Sunday, September 16, 2007
Just for my Fellow Chocolate Fanatic
This is for you, Ambrosia. And if you're wondering why she gets a special post, it's because she unabashedly proclaims her devotion to chocolate, even going far enough to admit that she'd like to live on vitamin supplements and chocolate cake (something I've done for a day or two--until the cake was gone). Also she found a yummy link and publicized it, which makes me very happy.
Now, you've tasted my desserts before, so you know that when it comes to chocolate, I'm very serious. And I promise this is worth making. I wanted to take pictures and post them, but each time I make this, it gets eaten before I can. So you'll have to use your imagination. I might make it Sunday. If I do, I'll be sure to post a picture.

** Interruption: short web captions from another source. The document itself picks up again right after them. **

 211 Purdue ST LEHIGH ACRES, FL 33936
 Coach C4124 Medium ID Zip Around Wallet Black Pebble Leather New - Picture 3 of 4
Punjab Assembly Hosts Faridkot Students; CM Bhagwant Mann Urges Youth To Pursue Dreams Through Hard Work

But if you decide to be adventurous and try this, you must tell me what you think. I think it's mmmmmmmmmmmm.............

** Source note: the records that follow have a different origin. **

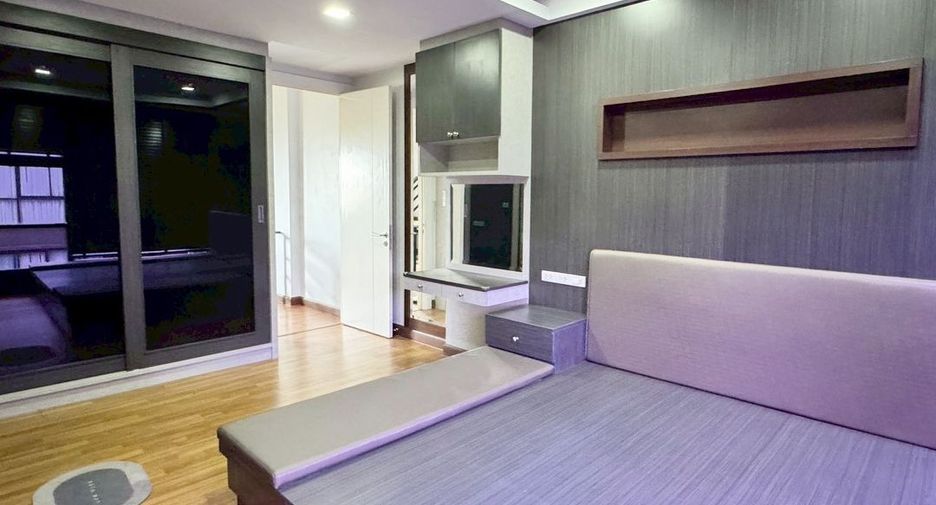 For sale 3 bedrooms townhouse in Pak Kret, Nonthaburi
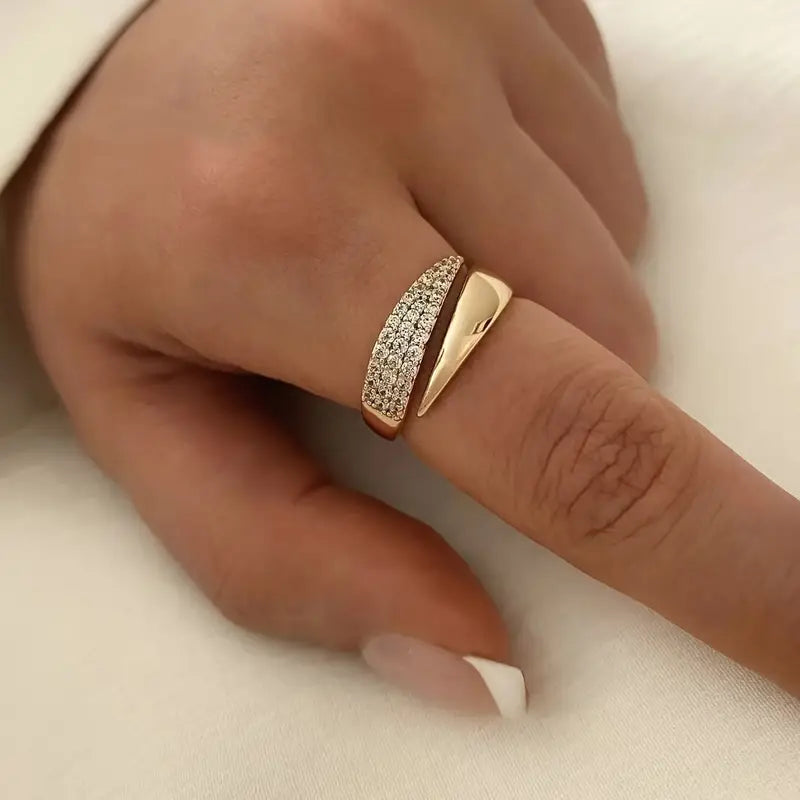 Eleganter Goldring mit Funkelsteinen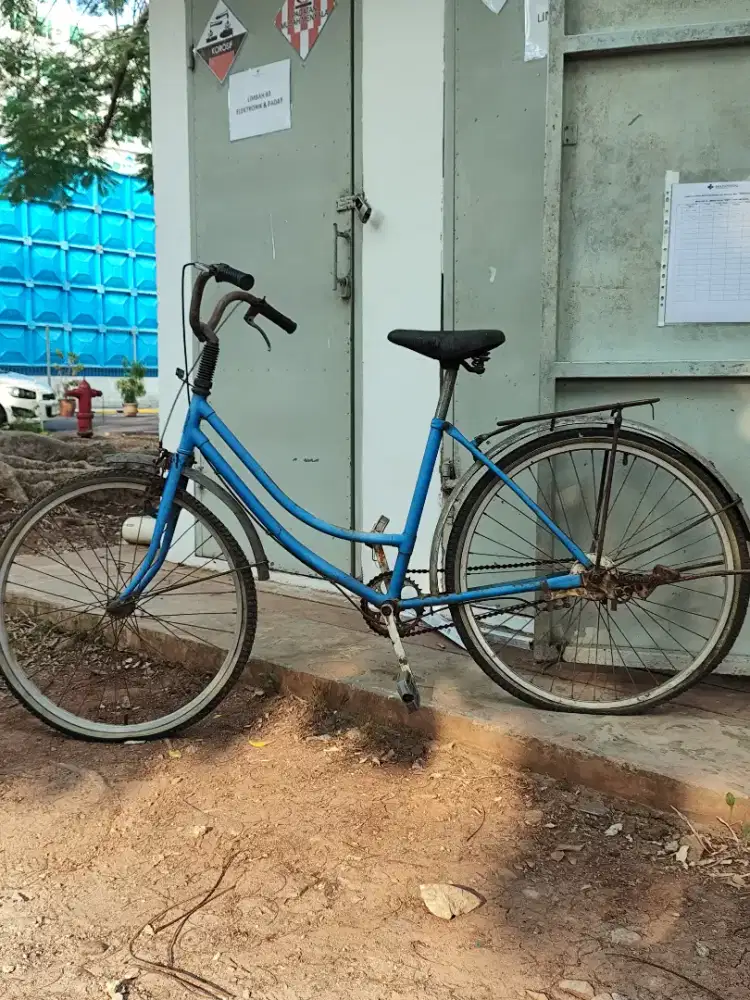 Di jual sepeda udh tidak terpakai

Raspberry Almond Truffle Cake
Preheat oven to 350 degrees. Spray bottom of 13x9-inch pan with cooking spray. Combine:
1 chocolate fudge cake mix
1 1/3 C. water
1/2 C. vegetable oil
Beat with electric mixer on low speed for 30 seconds, then for 2 minutes on medium speed. Pour into pan and bake about 30 minutes or until cake tests done with toothpick. Cool completely.
Ganache: In a large microwavable bowl, combine 16 oz. semisweet chocolate chips (we prefer Guittard or Ghirardelli double chocolate), 1 1/3 C. heavy whipping cream, and 1/4 C. butter (not margarine). Microwave on high for one minute. Stir. Continue to microwave in 20 second intervals until mixture is smooth (do not overcook). Stir in 2 tsp. almond extract, and 2 tsp. vanilla. Note: this process can also be done by heating butter and cream to boiling and pouring over chocolate and stirring until smooth. Add flavorings last.

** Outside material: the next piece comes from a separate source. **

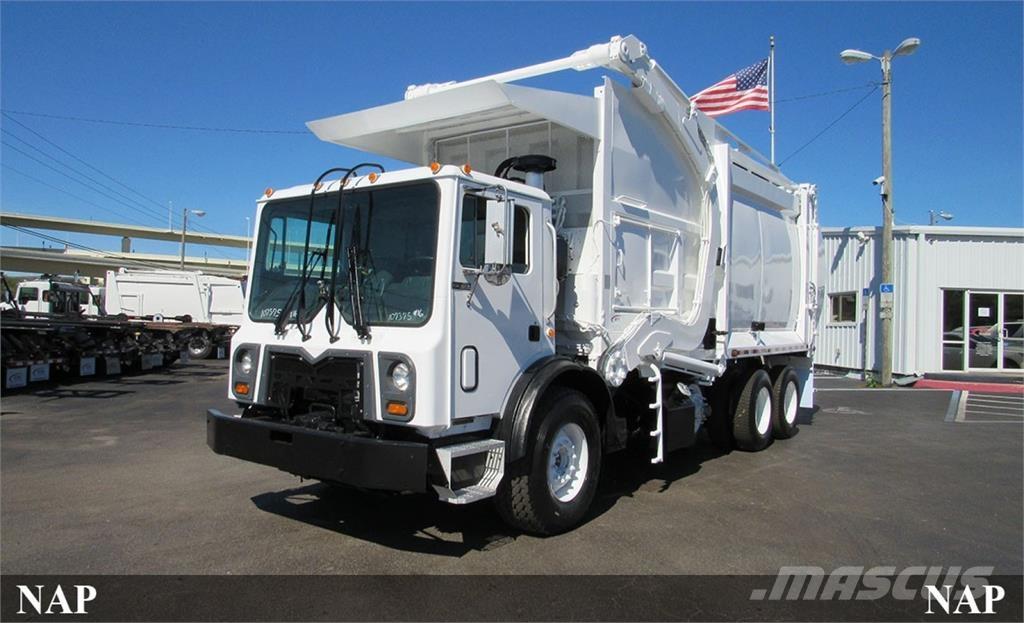 Mack MRU613 Vuilniswagens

Line bottom of springform pan with parchment paper circle. Cut cake into 1-inch cubes. Place half of the cubes in mixing bowl and beat until crumbly. Add remaining cake and 1 3/4 C. ganache (reserve remaining). Beat until well combined (mixture will be thick). Gently fold in 2 C. fresh raspberries. Pour mixture into prepared pan, smooth top of cake. Cover with plastic wrap and chill until firm enough to unmold (this can be done in the freezer and takes 30-45 minutes).
Loosen cake from pan by running a hot knife between the side of pan and cake. Turn onto serving plate, and cover with remaining ganache. Garnish with more raspberries, slivered almonds, and whipped cream.
There it is, Ambrosia--my chocolate present to you. Let me know what you think!